A total of 6874 adults, 55 to 75 years of age, with metabolic syndrome but without CVD were randomly assigned to an intervention that followed an er-MedDiet, promoted physical activity, and provided behavioral support (n = 3406) or to an energy-unrestricted Mediterranean diet (n = 3468).
All participants received allotments of extra-virgin olive oil (1 L/month) and nuts (125 g/month). The primary outcome was 12-month change in adherence, measured with the er-MedDiet score (range, 0 – 17; higher scores indicate greater adherence; minimal clinically important difference, 1 point).
The mean er-MedDiet score in the intervention group increased from 8.5 at baseline to 13.2 at 12 months and from 8.6 to 11.1, respectively, in the control group (between-group difference, 2.2; 95% CI, 2.1 – 2.4; P < .001).
The improvements observed in the er-MedDiet score in the intervention group represented a significant 55% relative increase over 12 months (95% CI, 55% – 56%; P < .001).
The authors also noted that there were significant reductions in the consumption of specific foods or food groups at the time of the interim analysis. Baseline consumption of refined grains, for example, was 779 g/week for both groups, but after 12 months had dropped by 535 g/week in the intervention group and 226 g/week in the control group, for a significant between-group difference of 309 g/week (95% CI, 340 – 277; P <.001).
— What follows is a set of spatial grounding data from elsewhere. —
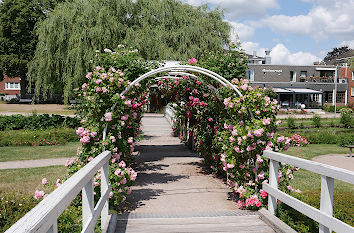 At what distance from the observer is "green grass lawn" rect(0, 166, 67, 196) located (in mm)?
8523

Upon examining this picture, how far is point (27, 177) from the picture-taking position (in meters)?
9.89

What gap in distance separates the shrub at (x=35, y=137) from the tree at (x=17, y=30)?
31.5 metres

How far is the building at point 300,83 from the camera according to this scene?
51156 mm

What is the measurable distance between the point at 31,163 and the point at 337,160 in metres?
11.3

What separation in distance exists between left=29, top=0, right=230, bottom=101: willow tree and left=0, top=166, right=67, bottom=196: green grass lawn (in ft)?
13.1

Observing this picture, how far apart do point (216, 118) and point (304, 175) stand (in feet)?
12.9

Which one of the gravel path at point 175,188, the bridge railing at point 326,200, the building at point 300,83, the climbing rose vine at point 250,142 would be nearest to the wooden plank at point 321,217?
the bridge railing at point 326,200

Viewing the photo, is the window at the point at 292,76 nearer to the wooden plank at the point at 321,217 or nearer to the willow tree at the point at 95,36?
the willow tree at the point at 95,36

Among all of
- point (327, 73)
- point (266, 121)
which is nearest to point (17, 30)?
point (327, 73)

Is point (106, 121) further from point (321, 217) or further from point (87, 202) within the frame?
point (321, 217)

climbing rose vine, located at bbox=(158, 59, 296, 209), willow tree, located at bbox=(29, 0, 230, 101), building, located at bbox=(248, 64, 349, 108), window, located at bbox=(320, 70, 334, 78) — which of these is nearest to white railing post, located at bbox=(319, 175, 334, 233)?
climbing rose vine, located at bbox=(158, 59, 296, 209)

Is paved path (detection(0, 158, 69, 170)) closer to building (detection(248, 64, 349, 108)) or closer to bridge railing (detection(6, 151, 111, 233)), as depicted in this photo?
bridge railing (detection(6, 151, 111, 233))

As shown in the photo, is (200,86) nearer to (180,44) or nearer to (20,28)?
(180,44)

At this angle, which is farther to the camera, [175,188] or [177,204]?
[175,188] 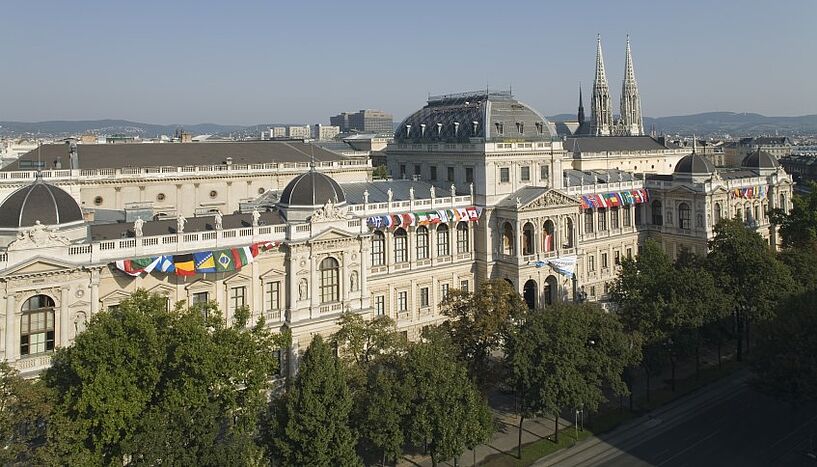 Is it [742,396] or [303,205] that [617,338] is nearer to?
[742,396]

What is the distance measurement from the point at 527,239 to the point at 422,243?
1306 cm

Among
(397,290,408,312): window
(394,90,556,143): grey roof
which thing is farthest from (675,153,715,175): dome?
(397,290,408,312): window

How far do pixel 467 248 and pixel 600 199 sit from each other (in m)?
21.9

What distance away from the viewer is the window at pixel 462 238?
76.2 m

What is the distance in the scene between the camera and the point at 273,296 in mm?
53250

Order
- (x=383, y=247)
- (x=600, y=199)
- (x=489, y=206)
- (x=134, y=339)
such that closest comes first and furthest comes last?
(x=134, y=339), (x=383, y=247), (x=489, y=206), (x=600, y=199)

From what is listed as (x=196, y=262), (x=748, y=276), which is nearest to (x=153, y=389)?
(x=196, y=262)

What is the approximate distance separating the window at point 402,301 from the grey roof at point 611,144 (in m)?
54.9

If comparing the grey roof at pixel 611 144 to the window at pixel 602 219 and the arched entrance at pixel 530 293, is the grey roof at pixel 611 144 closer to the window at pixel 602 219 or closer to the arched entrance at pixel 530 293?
the window at pixel 602 219

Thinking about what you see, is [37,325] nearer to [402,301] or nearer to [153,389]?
[153,389]

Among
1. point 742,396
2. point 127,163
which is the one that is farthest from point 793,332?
point 127,163

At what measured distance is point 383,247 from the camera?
6975cm

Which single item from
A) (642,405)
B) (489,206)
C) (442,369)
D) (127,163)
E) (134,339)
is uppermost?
(127,163)

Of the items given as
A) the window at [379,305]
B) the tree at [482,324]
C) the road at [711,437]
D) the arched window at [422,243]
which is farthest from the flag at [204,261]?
the arched window at [422,243] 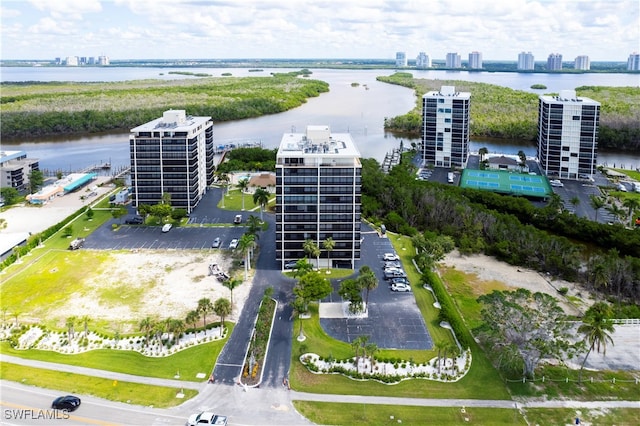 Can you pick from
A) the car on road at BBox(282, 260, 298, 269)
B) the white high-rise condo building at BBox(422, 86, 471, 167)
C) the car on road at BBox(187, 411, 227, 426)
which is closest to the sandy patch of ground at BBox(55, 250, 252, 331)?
the car on road at BBox(282, 260, 298, 269)

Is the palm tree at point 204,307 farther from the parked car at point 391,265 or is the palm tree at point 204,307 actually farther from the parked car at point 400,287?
the parked car at point 391,265

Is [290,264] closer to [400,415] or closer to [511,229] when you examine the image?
[400,415]

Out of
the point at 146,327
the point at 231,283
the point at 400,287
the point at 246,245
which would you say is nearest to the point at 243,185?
the point at 246,245

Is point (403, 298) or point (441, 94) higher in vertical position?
point (441, 94)

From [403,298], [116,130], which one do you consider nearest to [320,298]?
[403,298]

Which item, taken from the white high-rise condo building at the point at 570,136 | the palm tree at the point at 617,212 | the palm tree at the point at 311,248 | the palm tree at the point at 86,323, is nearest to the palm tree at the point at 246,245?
the palm tree at the point at 311,248

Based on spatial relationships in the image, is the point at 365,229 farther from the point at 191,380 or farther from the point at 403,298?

Significant reductions in red meat consumption were also observed, with a between-group difference of 39 g/week (95%CI, 51 – 28; P < .001) at 12 months.
Some of the greatest increases in intake were observed for vegetables, with a mean baseline consumption of 2168 g/week for participants in the intervention group and 2130 g/wk in the control group, and within-group differences after 12 months of 347 g/wk and 137 g/wk, respectively. The between-group difference of 210 g/wk was significant (95% CI, 157-263; P <.001).
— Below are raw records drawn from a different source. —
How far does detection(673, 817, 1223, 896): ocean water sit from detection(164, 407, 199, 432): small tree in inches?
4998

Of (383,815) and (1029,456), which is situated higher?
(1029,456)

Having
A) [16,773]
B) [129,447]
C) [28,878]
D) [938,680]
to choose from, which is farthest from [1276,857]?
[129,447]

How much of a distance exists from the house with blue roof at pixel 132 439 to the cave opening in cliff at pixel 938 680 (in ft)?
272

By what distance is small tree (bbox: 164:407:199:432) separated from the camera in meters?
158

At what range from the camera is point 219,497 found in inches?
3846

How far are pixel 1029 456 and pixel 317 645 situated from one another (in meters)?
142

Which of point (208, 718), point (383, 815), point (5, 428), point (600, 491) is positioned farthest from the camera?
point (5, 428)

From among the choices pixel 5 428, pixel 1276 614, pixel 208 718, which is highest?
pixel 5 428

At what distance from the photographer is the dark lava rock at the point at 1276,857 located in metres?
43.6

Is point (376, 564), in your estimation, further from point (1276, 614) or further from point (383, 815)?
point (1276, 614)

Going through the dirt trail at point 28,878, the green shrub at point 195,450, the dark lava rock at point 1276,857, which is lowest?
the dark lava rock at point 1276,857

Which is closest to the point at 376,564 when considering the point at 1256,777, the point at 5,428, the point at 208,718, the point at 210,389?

Finally, when looking at CVD risk factors at 12 months, there were “significant and clinically meaningful” favorable changes for the intervention vs the control group as far as body weight, waist circumference, body mass index, high-density-lipoprotein cholesterol (HDL-C), non-HDL-C, total cholesterol:HDL-C ratio, triglycerides, and systolic and diastolic blood pressure.
“In my opinion, there is a need to include further nutritional support in health centers, including hiring dietitians,” Martínez-González told theheart.org | Medscape Cardiology. “This is costly, but the CV events are even more expensive.”
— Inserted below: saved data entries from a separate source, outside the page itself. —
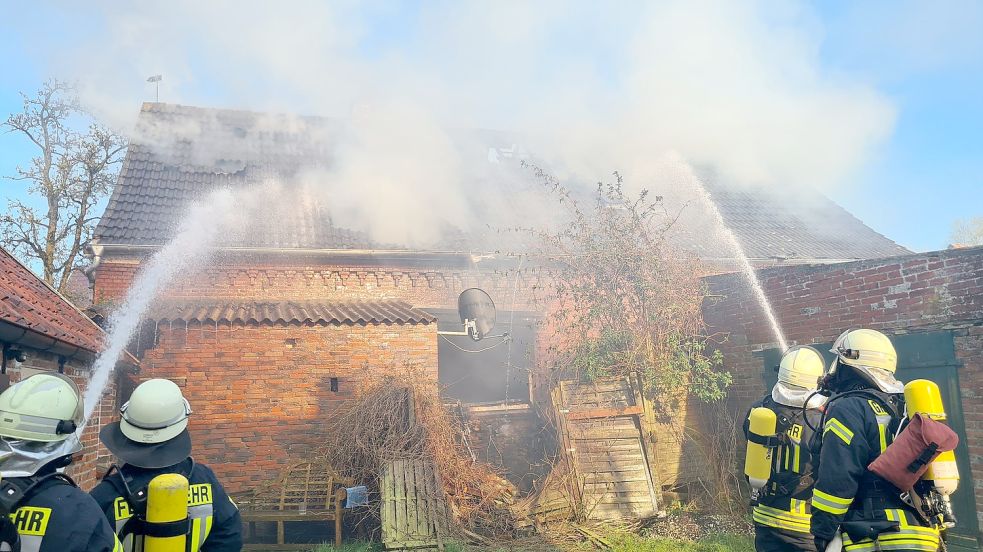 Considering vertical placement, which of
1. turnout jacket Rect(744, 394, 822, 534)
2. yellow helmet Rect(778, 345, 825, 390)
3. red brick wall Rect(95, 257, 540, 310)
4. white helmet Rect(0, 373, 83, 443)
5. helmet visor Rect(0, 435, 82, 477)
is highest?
red brick wall Rect(95, 257, 540, 310)

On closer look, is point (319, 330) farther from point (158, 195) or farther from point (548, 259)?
point (158, 195)

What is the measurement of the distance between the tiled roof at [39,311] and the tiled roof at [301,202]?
14.0 feet

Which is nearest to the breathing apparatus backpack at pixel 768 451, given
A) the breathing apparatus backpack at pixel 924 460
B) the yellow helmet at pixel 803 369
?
the yellow helmet at pixel 803 369

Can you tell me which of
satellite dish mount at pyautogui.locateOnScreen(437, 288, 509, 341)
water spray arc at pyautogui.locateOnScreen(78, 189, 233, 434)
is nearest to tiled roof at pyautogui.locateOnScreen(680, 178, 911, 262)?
satellite dish mount at pyautogui.locateOnScreen(437, 288, 509, 341)

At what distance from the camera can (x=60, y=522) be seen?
2.17m

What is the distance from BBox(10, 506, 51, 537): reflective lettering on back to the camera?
83.5 inches

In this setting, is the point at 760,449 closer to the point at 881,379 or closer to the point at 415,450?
the point at 881,379

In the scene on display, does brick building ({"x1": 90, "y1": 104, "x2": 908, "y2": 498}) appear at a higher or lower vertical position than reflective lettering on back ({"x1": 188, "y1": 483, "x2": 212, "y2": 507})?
higher

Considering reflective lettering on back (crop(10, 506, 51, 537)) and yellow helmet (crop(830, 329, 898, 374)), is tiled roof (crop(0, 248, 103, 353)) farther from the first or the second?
yellow helmet (crop(830, 329, 898, 374))

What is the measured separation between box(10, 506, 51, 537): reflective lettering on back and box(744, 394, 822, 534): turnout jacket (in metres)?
3.88

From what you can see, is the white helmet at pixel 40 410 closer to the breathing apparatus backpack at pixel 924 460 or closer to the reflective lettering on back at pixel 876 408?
the breathing apparatus backpack at pixel 924 460

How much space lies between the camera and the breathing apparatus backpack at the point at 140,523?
2.56 meters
In an accompanying editor’s note, Philip Greenland, MD, Northwestern University Feinberg School of Medicine, Chicago, and senior editor of JAMA, notes that these interim results are “meaningful in several ways.”
First, the greater adherence to diet among patients in the intervention group provides reassurance that this approach is having a measurable effect on diet and body weight. “This is an important intermediate step but not yet sufficient to inform new dietary recommendations,” says Greenland.
“Second, the authors have demonstrated in this study and previous research that large-scale dietary intervention studies are practical if carefully conducted. The long-term main endpoint results are eagerly awaited.”
The study was supported by the European Research Council, CIBER Fisiopatología de la Obesidad y Nutrición and Instituto de Salud Carlos III through the Fondo de Investigación para la Salud, which is cofunded by the European Regional Development Fund, the Recercaixa, the SEMERGEN grant, the International Nut and Dried Fruit Council-FESNAD, an AstraZeneca Young Investigators Award, grants from the Consejería de Salud de la Junta de Andalucía, a grant from the Generalitat Valenciana, and a grant of support to research groups 35/2011 (Balearic Islands Gov; FEDER funds).
Martínez-González reported having no disclosures; several coauthors disclose relationships with industry, as noted in the paper. Greenland has no disclosures.